Image-text web data:
::::
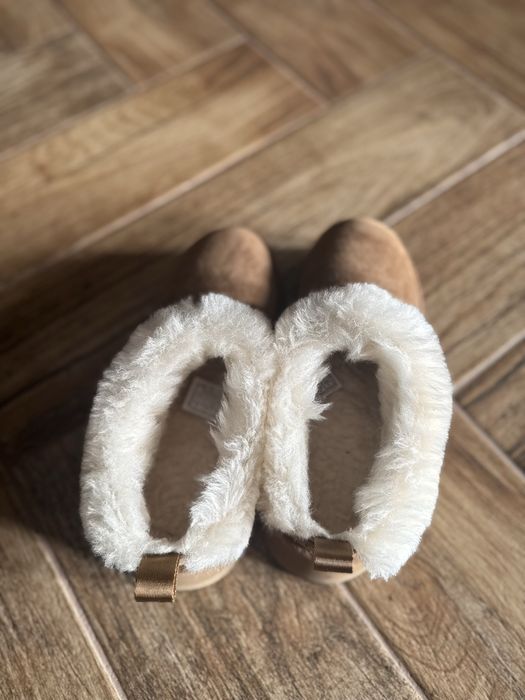 Ugg tazzelle cu blana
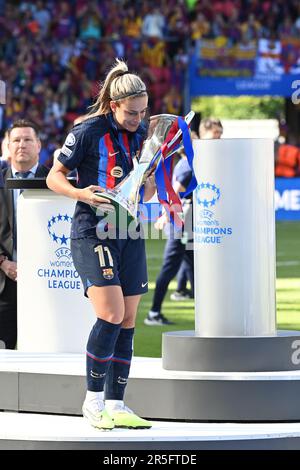 Eindhoven, pays-Bas. 03rd juin 2023. Football, femmes : Ligue des champions, FC Barcelone - VfL Wolfsburg, finale, finale, stade Philips. Alexia Putellas de Barcelone porte le trophée de la gagnante à ses coéquipiers. Credit: Swen Pförtner/dpa/Alay Live News Banque D'Images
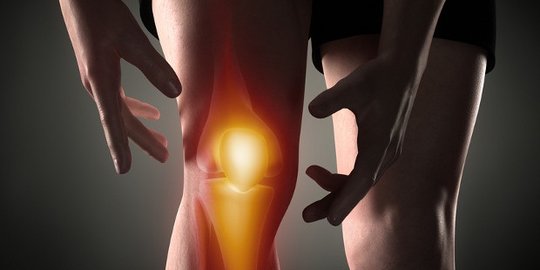 Lutut nyeri saat naik tangga? Itu gejala awal Arthritis!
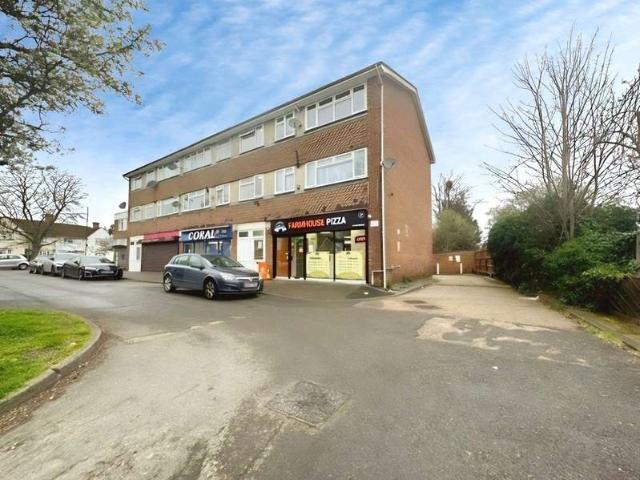 Flat for sale in Maidenhead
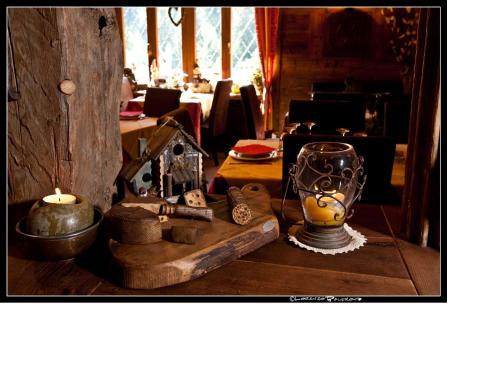 a room with a table with a lamp and a vase at Baita La Jolie Bergere in La Salle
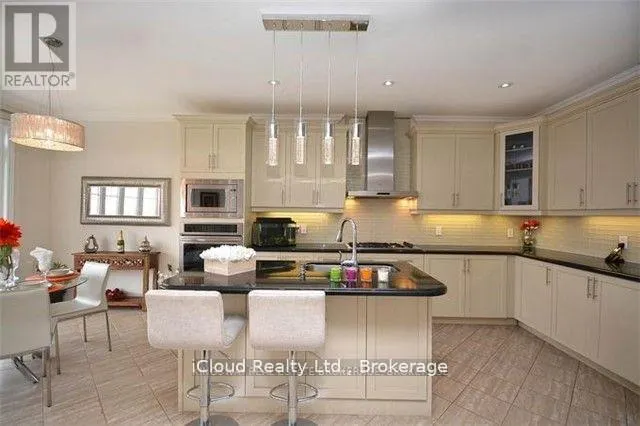 109 KAITTING TRAIL TRAIL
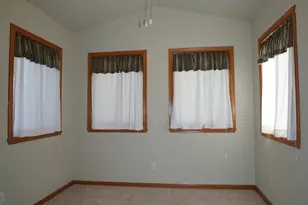 6520 Oak Crest Ln, Loves Park, IL 61111 - Photo 9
::::
Directions for this task -
Without including any picture, set down every line above exactly as it stands.

Problem solution -
 Ugg tazzelle cu blana
 Eindhoven, pays-Bas. 03rd juin 2023. Football, femmes : Ligue des champions, FC Barcelone - VfL Wolfsburg, finale, finale, stade Philips. Alexia Putellas de Barcelone porte le trophée de la gagnante à ses coéquipiers. Credit: Swen Pförtner/dpa/Alay Live News Banque D'Images
 Lutut nyeri saat naik tangga? Itu gejala awal Arthritis!
 Flat for sale in Maidenhead
 a room with a table with a lamp and a vase at Baita La Jolie Bergere in La Salle
 109 KAITTING TRAIL TRAIL
 6520 Oak Crest Ln, Loves Park, IL 61111 - Photo 9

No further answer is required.